5 Questions with Gabrielle Selz, Author of Light on Fire

Oct 18, 2021

Gabrielle Selz is the award-winning author of Unstill Life: A Daughter’s Memoir of Art and Love in the Age of Abstraction (W.W. Norton, 2014), which received the Best Memoir of the Year award from the American Society of Journalists and Authors and was listed as a Best Book of 2014 by San Francisco Chronicle. She has contributed to The New Yorker, the New York Times, Los Angeles Times, More Magazine, and The Rumpus, among other publications. Her fiction has appeared in Fiction Magazine and her art criticism in Art Papers, Hyperallergic, Art & Object, and Newsday.

Her newest book is Light on Fire: The Art and Life of Sam Francis, published by UC Press. She will be discussing Light on Fire with Patricia Albers in a special in-person event at Hotel Emblem, 562 Sutter St in San Francisco, in our City Lights LIVE! discussion series on Tuesday, October 19th, 2021!

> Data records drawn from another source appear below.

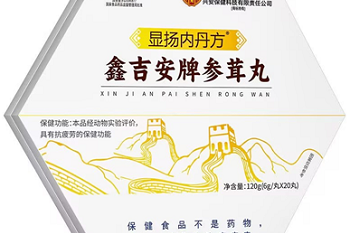 短剧，电影，电视剧，追剧一个就够了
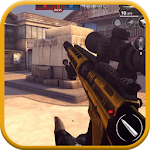 Cover Image of Download Clues for Modern Combat 5 1.0 APK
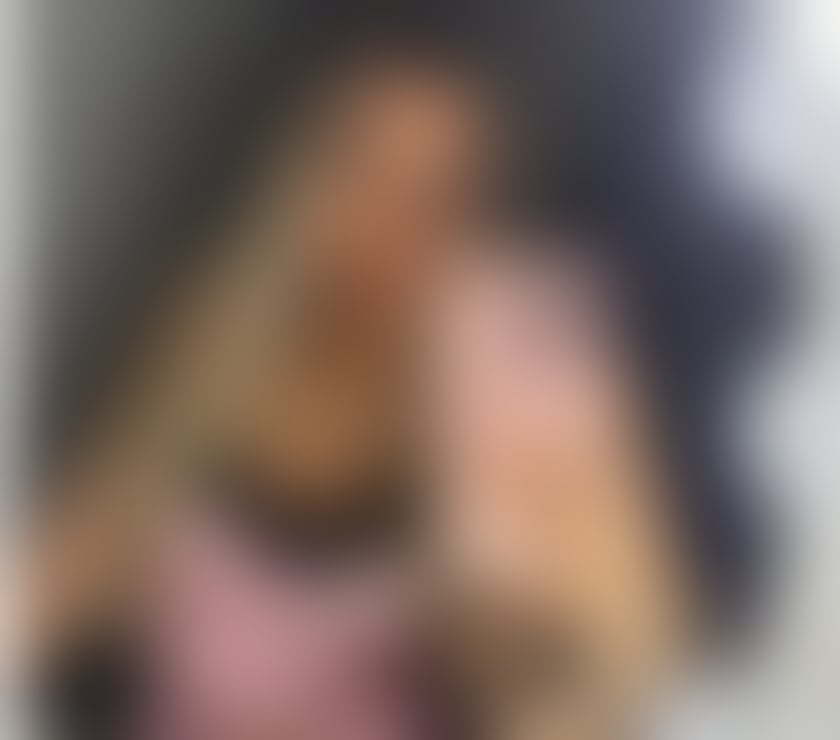 Escorts Marylebone Central London - Photos for ❗️MARYLEBONE💛Roxxy💛Openminded&Naughty
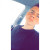 Rencontrer Homme die Antoine26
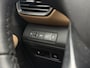 Hyundai Santa Fe 1.6 T-GDI PHEV Premium Plus Sky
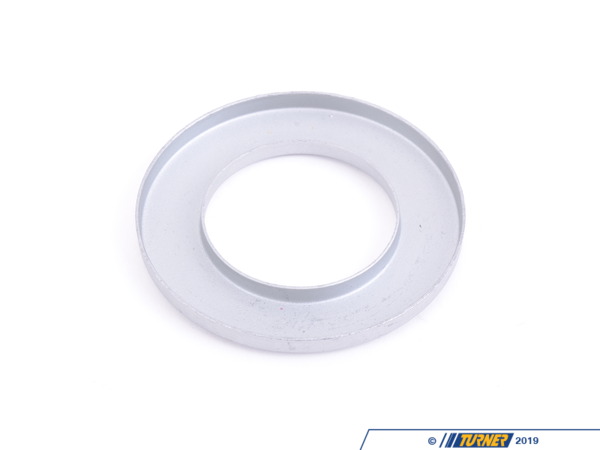 Genuine BMW Genuine BMW Dust Protection - 33131200613 33131200613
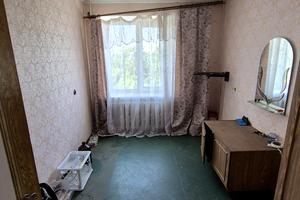 квартира за адресою Приморська, 54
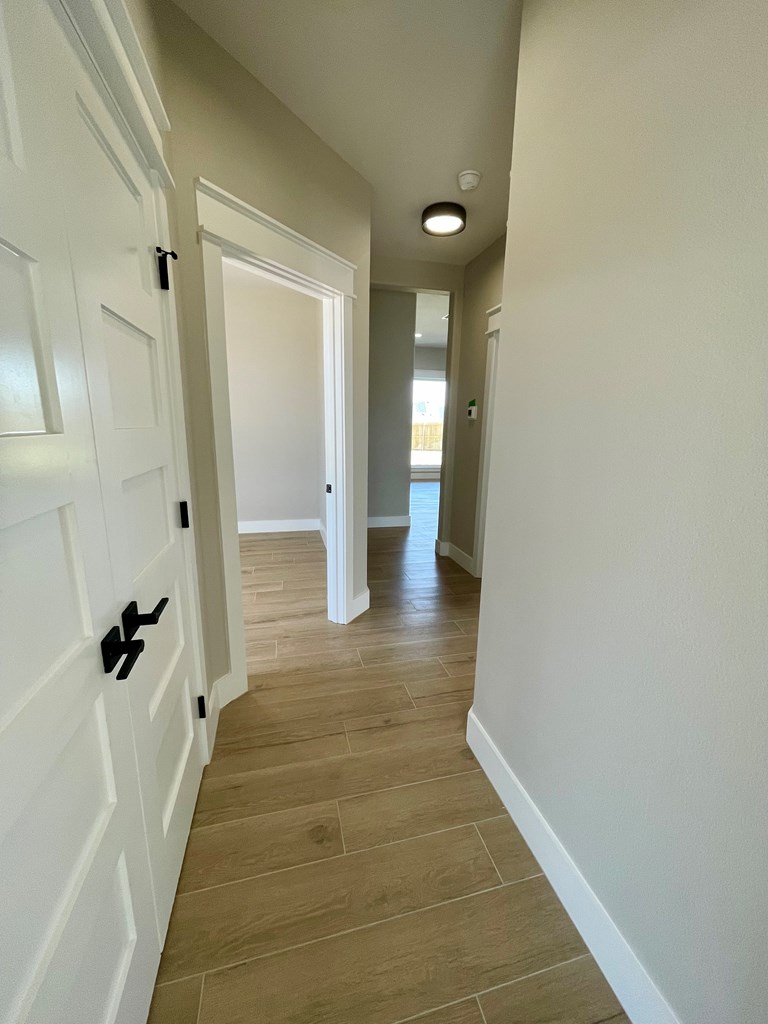 3704 Dominion Ridge Property Photo 19
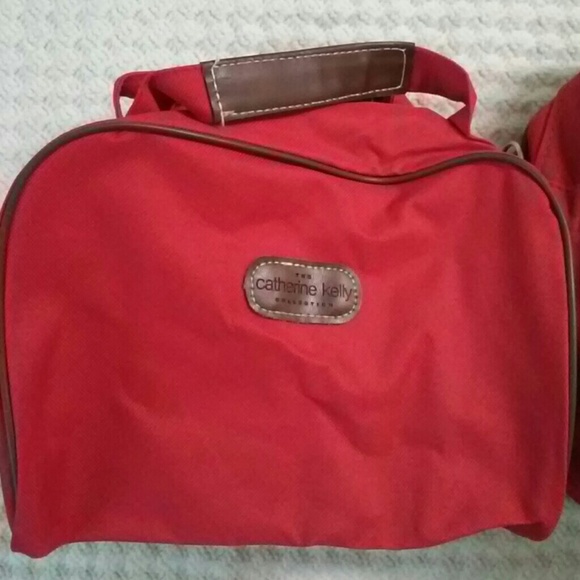 Combo Makeup & Handbag - Picture 6 of 6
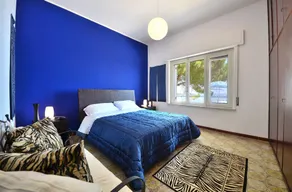 Blue Island Villa Caterina - Værelse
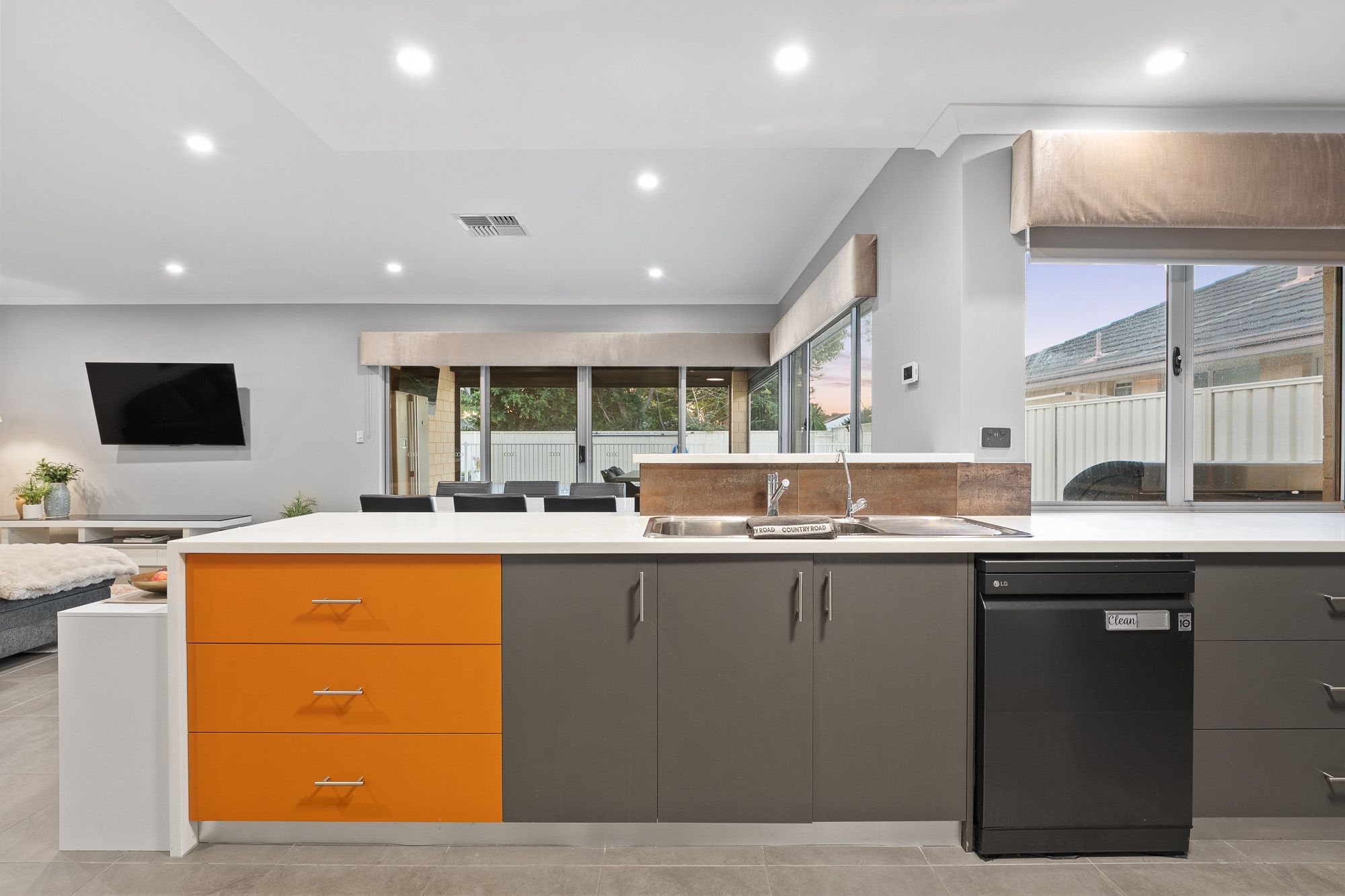 38 Vernon Gough Drive — photo 26 of 30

Where are you writing to us from?

Oakland, California. 

What’s kept you sane during the pandemic?

Jigsaw puzzles. They were also very popular during the Great Depression, as they are cheap, family entertainment. During the pandemic, which is still going on, I could have a puzzle going and endure the news. Puzzling feels like progress because bit by bit, I am moving towards something, even if it’s only the completion of an image. 

What books are you reading right now? Which books do you return to?

I’m reading The Winter Soldier by Daniel Mason. After I’m finished, I’m reading his story collection, A Registry of My Passage Upon the Earth. Just the title excites me. 

When I’m writing about an artist, I return to my art history books. My father had a magnificent art history library that was accessed by climbing up a swinging ladder. I kept many of his various catalogs and volumes of information on Sam Francis. 

Which writers, artists, and others influence your work in general, and this book, specifically?

Hopefully, the poets I love: Rilke, Blake, and Yeats. But in truth, it is probably my parents, both of whom were writers. My father’s art history writing is visual and scholarly while still being accessible. My mother was a short-story writer. Her stories had a strong sense of structure and shape. I hope my writing combines both their strong points. I want each chapter to be visual, scholarly, accessible, and shaped so that the reader has an experience of moving through the space and time of the chapter and, ultimately, of the whole book. 

There was a show about twenty years ago at MOMA. It covered a four-year time-span during which Matisse wrestled with the issue of Picasso: namely, structure. Walking through the show, I remember seeing how Matisse resolved his passion for color and pattern with the basics of structure. It was such a perfect visual example of what a writer goes through when searching for an equilibrium between voice and structure. 

If you opened a bookstore, where would it be located, what would it be called, and what would your bestseller be?

If I opened a bookstore, I would do it with my son, and it would have a strong manga section. Where would it be? Where indeed! Maybe the Dogpatch neighborhood in SF, maybe Amsterdam. We would name it Elysian or Bifrost Bridge because, in my family, we like our mythology and because books connect heaven and earth. And its bestseller is a book not yet written.